Latvia’s 2014 parliamentary election, the eighth since the country regained its independence following the collapse of the Soviet Union in 1991, was framed by the heightened international tension and uncertainty caused by neighbouring Russia’s annexation of Crimea and continuing support for secessionists in eastern Ukraine. These events further divided Latvia’s already fractured society. While one-third of the country’s population that was Russophone, and thus obviously more susceptible to the Russian government’s interpretation of events, was broadly understanding – and one section of it even supportive – of Putin’s actions, ethnic Latvians overwhelmingly opposed Russian interference in Ukraine and became increasingly concerned about the country’s own security.
Security concerns trumped other policy issues. While economic and social inequality, as well as reform of Latvia’s stagnant education and health sectors, were frequently debated by politicians, Russia’s actions remained central to shaping voter preferences. The 2014 election continued the established pattern of Latvian electoral politics. Russophones mostly voted for the pro-Russian Harmony Social Democracy (Saskaņa Sociāldemokrātiskā partija) while Latvian votes were split between more-or-less centre-right ethnic Latvian parties that differed on personality more than policy. As was also the established norm, two new parties entered parliament after populist anti-government campaigns. Nevertheless, the next government coalition looked likely to exclude both the new parties and the Russophone Harmony Social Democracy grouping.
Thirteen parties presented lists of candidates to contest 100 parliamentary seats in five electoral districts.
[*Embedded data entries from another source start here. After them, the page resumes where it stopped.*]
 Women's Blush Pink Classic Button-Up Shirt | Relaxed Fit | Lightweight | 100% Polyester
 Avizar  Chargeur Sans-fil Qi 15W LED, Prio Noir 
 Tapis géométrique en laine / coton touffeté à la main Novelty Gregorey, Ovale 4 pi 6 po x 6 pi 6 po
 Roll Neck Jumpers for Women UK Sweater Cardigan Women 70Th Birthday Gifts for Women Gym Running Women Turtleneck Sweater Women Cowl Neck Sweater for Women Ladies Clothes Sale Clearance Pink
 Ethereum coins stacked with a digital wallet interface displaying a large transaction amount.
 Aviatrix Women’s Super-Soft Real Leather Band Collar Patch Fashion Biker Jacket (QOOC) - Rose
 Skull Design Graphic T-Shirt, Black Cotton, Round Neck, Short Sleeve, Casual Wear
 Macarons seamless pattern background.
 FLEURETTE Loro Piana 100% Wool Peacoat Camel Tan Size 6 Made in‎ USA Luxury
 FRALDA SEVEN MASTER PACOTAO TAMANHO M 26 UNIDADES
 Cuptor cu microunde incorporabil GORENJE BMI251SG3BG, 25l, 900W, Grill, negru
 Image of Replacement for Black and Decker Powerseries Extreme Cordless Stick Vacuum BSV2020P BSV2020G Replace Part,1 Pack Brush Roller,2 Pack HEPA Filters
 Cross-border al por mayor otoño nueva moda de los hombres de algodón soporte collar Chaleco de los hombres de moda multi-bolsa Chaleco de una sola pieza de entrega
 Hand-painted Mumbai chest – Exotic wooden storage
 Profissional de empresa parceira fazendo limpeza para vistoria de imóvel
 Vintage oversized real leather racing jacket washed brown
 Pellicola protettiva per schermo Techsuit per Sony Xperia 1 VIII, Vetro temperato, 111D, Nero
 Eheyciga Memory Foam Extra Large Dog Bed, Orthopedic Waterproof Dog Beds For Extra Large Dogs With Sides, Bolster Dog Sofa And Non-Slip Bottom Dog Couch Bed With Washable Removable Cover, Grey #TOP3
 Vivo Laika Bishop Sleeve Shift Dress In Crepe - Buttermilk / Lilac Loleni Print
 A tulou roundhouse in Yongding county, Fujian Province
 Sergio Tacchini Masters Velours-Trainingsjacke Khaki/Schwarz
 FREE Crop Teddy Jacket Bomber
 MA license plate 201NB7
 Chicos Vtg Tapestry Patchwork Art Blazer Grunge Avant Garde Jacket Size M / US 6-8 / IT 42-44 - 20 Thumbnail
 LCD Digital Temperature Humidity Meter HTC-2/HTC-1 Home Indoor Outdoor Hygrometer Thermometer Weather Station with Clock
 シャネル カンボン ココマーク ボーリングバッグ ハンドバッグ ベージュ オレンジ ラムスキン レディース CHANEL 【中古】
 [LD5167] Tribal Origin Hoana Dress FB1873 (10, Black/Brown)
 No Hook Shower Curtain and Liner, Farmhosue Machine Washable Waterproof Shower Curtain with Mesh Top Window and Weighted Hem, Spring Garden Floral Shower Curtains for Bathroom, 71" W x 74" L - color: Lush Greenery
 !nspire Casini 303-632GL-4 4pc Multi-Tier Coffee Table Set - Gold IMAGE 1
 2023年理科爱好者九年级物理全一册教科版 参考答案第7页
Harmony Social Democracy, which won the largest number of seats in the 2011 early parliamentary election, consistently led the polls. The party had earlier changed its name from Harmony Centre to Harmony Social Democracy in an attempt to expand its appeal beyond the Russophone electorate, of which it had a near monopoly, and capture centre-left ethnic Latvian voters. However, Mr Putin’s actions in Ukraine left Harmony Social Democracy struggling to keep the support of moderate Russophones, shocked by the un-expected violence of events in Crimea and eastern Ukraine. Harmony Social Democracy (which has long had a co-operation agreement with Mr Putin’s governing United Russia party) was initially paralysed by inaction, attempting to adopt a middle path in relation to the events in Ukraine by neither denouncing nor praising Russian actions. It argued that Russia did not pose any direct threat to Latvia or the wider Baltic region, and opposed both political and economic sanctions. However, the earlier May 2014 European Parliament elections saw voters abandon Harmony Social Democracy. Hardline Russophones voted for Latvia’s Russian Union and the populist Alternative party while moderates switched their vote to the governing Unity (Vienotība) party. Harmony Social Democracy only won 13% of the vote while Unity collected 46.2%. Harmony Social Democracy eventually developed a two-faced Janus position of largely denouncing Russian actions to Latvian audiences while speaking in a more subtle and supportive tone to Russophone ones. Indeed, just a few weeks before the election Harmony Social Democracy’s leader Nils Ušakovs, the popular Mayor of Riga, flew to Moscow where he announced in a TV interview that Vladimir Putin was the ‘best possible’ leader for Russia in the current climate.
The party that had finished second in the 2011 election, the Zatlers Reform Party (Zatlera Reformu Partija, later renamed just the Reform Party), predictably splintered and suffered a quick, drastic and lasting collapse in voter support after the poll. It has been gradually merging with the governing Unity party since 2013. Unity cherry-picked a number of the Reform Party’s more popular political figures, including the well-regarded foreign minister Edgars Rinkēvics and youthful economics minister Vjačeslavs Dombrovskis, for its electoral list. Unity consistently polled second after Harmony Social Democracy. The other two political parties that made up Latvia’s governing coalition – the Green/Farmers Union (Zaļo/Zemnieku Savienība) and the National Alliance (Nacionālā Apvienība) – also polled well.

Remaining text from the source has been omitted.